CSWS Initiates the Lorwin Lectureship on Civil Rights and Civil Liberties with a Series of Lectures, Workshops and Symposia Focused on Women’s Rights
Organized by the Center for the Study of Women in Society, the inaugural Lorwin Lectureship on Civil Rights and Civil Liberties explores the topic of “Women’s Rights in a Global World” through a yearlong series of lectures, symposia, workshops and related events featuring world-class activists, scholars, and writers. Pulitzer Prize–winning journalist Sheryl WuDunn will cap the Lorwin series with her lecture on May 11. A bequest from the University of Oregon’s College of Arts and Sciences and School of Law, the Lorwin Lectureship on Civil Rights and Civil Liberties was established through a generous gift from the estate of Val and Madge Lorwin. Val Lorwin was a labor activist and professor of history at UO who died in 1982.*
Events for the 2010-11 Lorwin series are aimed at generating attention to international disparities in the rights of women, as well as research possibilities based on collaborations on this theme across departments, schools, and activist communities. To get the broadest possible global representation of issues regarding women’s rights, speakers have been selected with the assistance of an interdisciplinary advisory board of feminist scholars.

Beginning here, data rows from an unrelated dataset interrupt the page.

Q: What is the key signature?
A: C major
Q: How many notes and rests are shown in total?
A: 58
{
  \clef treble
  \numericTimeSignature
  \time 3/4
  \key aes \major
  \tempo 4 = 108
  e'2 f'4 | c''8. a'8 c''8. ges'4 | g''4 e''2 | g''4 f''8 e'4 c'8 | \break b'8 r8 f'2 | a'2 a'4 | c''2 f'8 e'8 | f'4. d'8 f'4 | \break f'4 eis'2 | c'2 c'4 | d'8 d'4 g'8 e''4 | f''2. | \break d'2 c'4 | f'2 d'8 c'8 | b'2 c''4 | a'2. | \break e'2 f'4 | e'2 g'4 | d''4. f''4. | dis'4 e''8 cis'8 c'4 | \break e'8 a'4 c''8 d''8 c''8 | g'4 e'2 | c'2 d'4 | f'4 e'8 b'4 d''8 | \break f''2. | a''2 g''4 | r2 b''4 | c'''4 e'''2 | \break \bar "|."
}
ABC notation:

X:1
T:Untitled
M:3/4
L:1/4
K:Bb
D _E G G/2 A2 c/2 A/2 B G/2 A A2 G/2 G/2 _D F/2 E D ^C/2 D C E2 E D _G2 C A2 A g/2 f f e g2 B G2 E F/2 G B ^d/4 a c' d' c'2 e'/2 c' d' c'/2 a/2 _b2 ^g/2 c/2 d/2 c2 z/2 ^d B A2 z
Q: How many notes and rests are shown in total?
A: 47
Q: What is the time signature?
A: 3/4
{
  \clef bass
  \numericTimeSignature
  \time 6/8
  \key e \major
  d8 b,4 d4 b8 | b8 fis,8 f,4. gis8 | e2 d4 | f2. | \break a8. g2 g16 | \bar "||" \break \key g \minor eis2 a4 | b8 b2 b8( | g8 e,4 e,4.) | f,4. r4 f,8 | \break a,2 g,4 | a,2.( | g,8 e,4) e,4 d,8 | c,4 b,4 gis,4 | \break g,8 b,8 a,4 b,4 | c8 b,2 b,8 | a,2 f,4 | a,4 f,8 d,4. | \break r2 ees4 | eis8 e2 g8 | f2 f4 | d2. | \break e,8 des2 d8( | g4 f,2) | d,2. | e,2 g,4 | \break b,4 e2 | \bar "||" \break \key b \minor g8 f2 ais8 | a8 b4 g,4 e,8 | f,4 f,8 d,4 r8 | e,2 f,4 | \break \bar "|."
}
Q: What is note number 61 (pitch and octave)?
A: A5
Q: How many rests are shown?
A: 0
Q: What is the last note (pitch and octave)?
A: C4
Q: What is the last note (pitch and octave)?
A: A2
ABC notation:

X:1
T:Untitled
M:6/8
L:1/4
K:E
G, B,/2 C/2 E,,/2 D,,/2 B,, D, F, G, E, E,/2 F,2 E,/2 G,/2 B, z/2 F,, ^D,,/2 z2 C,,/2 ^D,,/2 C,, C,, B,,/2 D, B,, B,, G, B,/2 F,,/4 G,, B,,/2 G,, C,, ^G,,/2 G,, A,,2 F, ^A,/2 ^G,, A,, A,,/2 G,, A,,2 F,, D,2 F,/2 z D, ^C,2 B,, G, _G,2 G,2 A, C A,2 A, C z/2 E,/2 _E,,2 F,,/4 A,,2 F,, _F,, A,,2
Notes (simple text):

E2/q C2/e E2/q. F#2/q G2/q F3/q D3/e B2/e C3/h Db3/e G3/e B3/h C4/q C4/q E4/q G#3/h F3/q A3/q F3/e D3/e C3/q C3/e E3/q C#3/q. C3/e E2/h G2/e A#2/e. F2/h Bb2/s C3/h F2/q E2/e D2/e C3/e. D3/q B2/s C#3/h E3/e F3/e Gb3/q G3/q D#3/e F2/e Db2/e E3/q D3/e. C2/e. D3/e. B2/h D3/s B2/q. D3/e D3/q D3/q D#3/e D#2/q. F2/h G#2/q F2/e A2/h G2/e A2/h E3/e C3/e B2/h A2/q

“Women’s Rights in a Global World” is also the topic of a blog that CSWS will moderate for the academic year. The blog will feature contributions by scholars, students, and activists.
The Lorwin series will centrally involve students with interests in women’s rights. CSWS intends to make related research materials, lectures, podcasts, and related links and multimodal materials available on the CSWS website.
Events include:
- October 5, 2010 — Symposium: “Finding the Money: Effective Strategies for Funding Nonprofits,” sponsored by Women’s Opportunity Worldwide and CSWS.
- October 5, 2010 — “Women’s Opportunity Worldwide: Connect and Collaborate with Local Nonprofits,” sponsored by Women’s Opportunity Worldwide and CSWS.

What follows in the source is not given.